In dissecting the myriad of pandemic-related failures, Dr. Gregory Poland of the Mayo Clinic evoked findings of the 9/11 Commission report that delved into the terrorist attacks of Sept. 11, 2001.
“We believe the fundamental problem was one of imaginability, though we had been warned many times and many ways, we failed to imagine it was possible and therefore failed to prepare,” he said, recounting the report.
“I think that singular statement is precisely applicable to the pandemic,” Poland said, adding, “I hope that one thing that has happened is that our deniability has been stripped away and our imaginability enlivened.”
Northeast states continue to limit reopening
New York and New Jersey have reopened many businesses but have kept some closed.
New Jersey has not allowed the resumption of indoor dining, while New York has outside New York City.
Malls, casinos and amusement parks have remained shuttered in New York, but New Jersey and Pennsylvania have opened them with safety precautions.
And New York tightened restrictions on outdoor dining, requiring alcohol purchases to be accompanied by food to cut down on large drinking scenes.
It's a process that Northeast governors continue to evaluate based on daily monitoring of the rates of infection. The concern is that the rapid spread of disease in the bulk of the country will eventually cause a spike in states that have been successful in tamping down the virus.
"This second wave is just going to be other states infecting us again for a second time," Cuomo said on July 16 on MSNBC.
The control of the situation is a long way from early March.
When the first coronavirus case hit New Jersey, the state’s chief executive was out of commission.
Murphy underwent surgery to remove a tumor on his kidney March 4 and ceded authority to Lt. Gov. Sheila Oliver. That night, health officials announced a 32-year-old Fort Lee man had the state's first positive coronavirus diagnosis.
The days, weeks and months that followed were often chaotic, with Murphy and other officials handing down often-confusing sets of rules intended to contain the outbreak as the virus ripped through the state.
Murphy has won praise from voters, with polls showing wide approval for his handling of the crisis.
"There's no vaccine yet," Murphy warned July 17.
"All we've got is social distancing, wearing a face covering whenever you are out in public, and certainly whenever you're indoors, washing your hands frequently with soap and water for at least 20 seconds."
Republican lawmakers in New Jersey allege Murphy cut state lawmakers out when he crafted coronavirus-related orders, unfairly allowed big-box retailers to remain open while forcing smaller stores to close.
He limited outdoor gatherings, then showed up at Black Lives Matters rallies where protesters were not socially distanced.
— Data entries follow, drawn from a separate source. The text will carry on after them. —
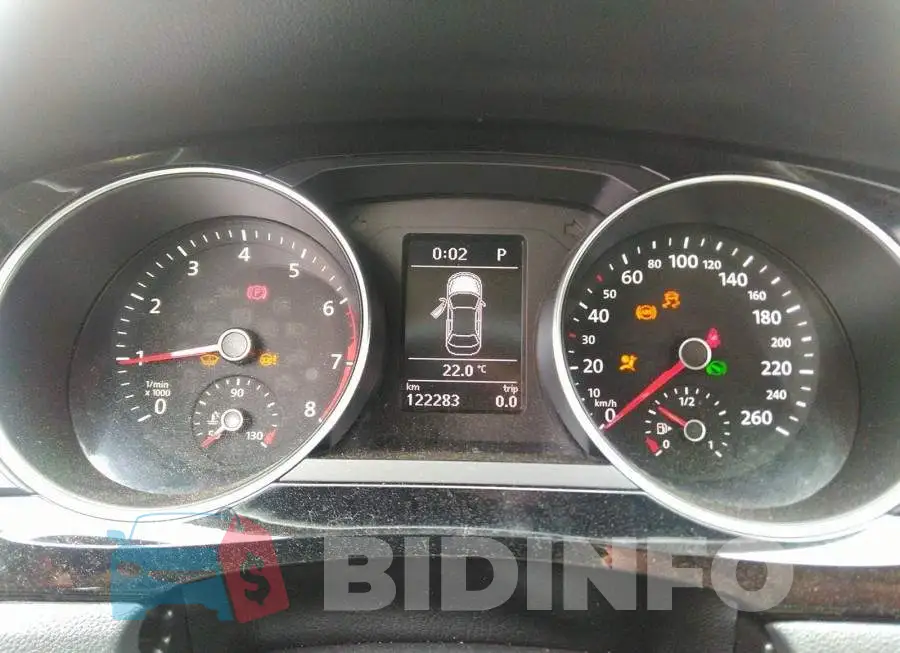 3VWDB7AJ7HM287726 Photo# 7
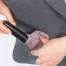 [KARSEE] ベスト EAV380 【在庫限定】
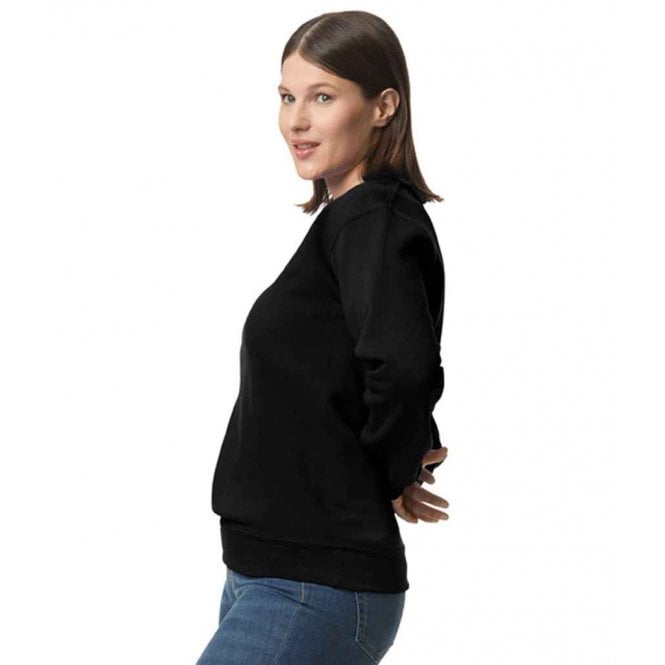 Gildan  DryBlend® Sweatshirt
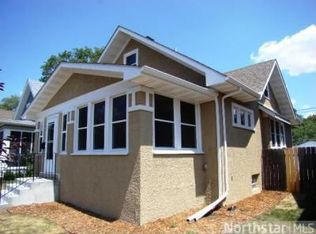 3911 2nd Ave S, Minneapolis, MN 55409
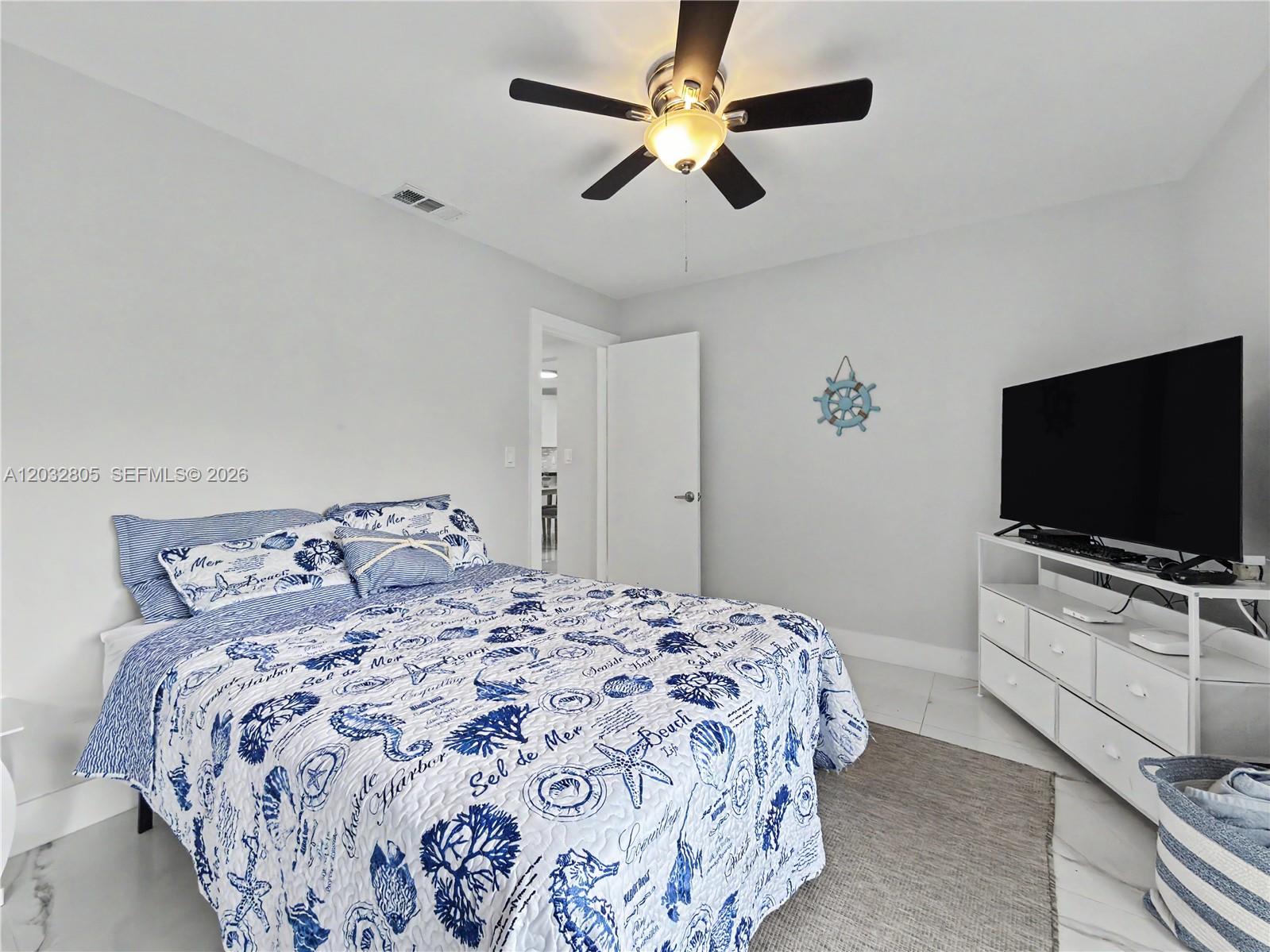 BOCA GREENS 3 - Residential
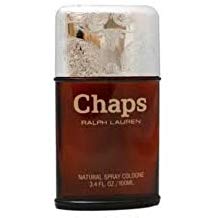 Chaps cologne - Click Image to Close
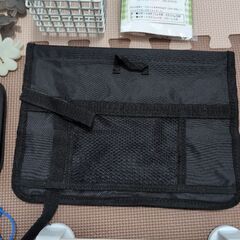 生活雑貨セットの画像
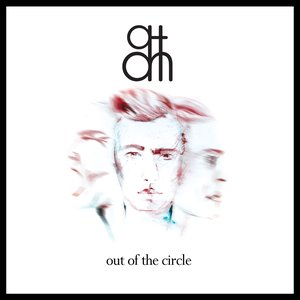 Out of the circle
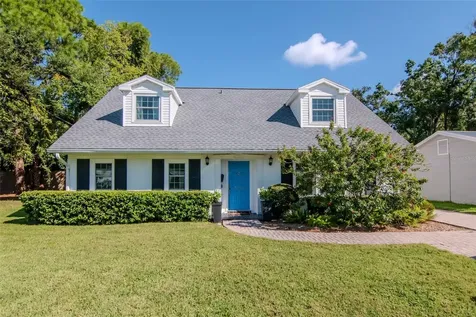 5109 W Cleveland Street Tampa FL 33609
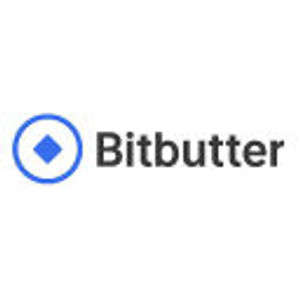 image of Bitbutter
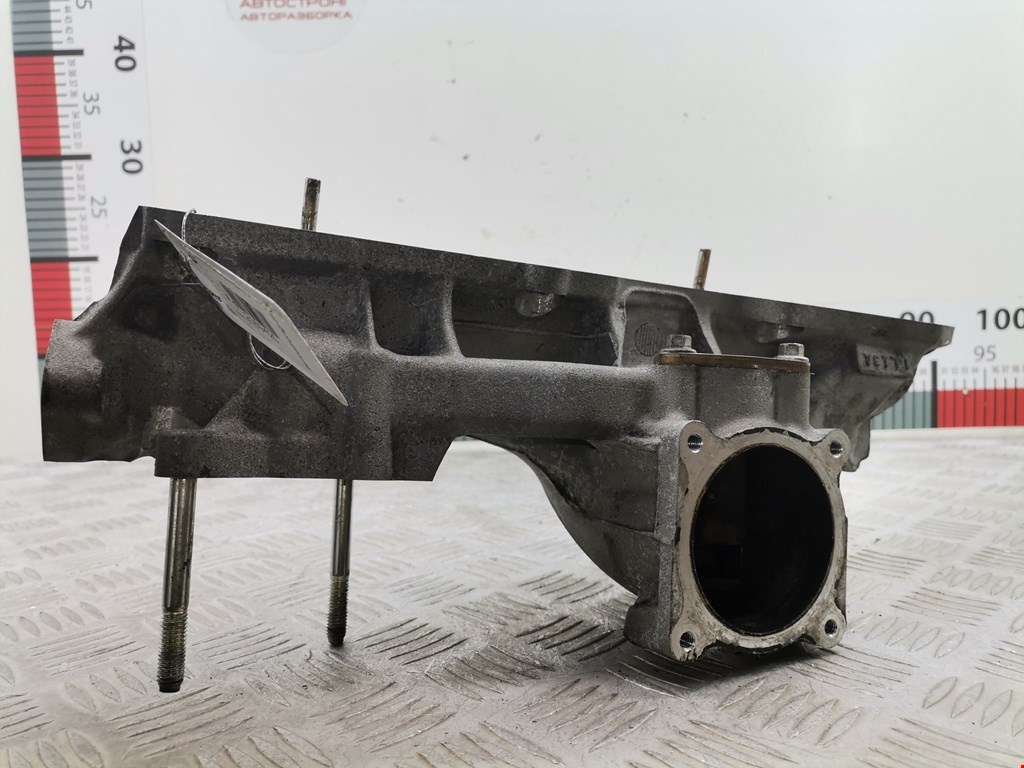 Коллектор впускной MAZDA Mazda 6 GH 2007-2012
Those rallies, however, were not shown to result in spikes of COVID-19 cases.
Much like the other states that were hit hard early in the outbreak, New Jersey did not have enough test kits, supplies, lab capacity or manpower to test people early.
But like other Northeast states, Murphy’s strategy began to look smarter in July.
States like California, Texas and Florida, which reopened sooner than New Jersey, began to see virus cases surge and their governors hastily reclosed businesses they had allowed to reopen.
Now Murphy hopes to not join those states in having to change course.
"We should all take pride in the fact we want to get this exactly as right as we can," he said.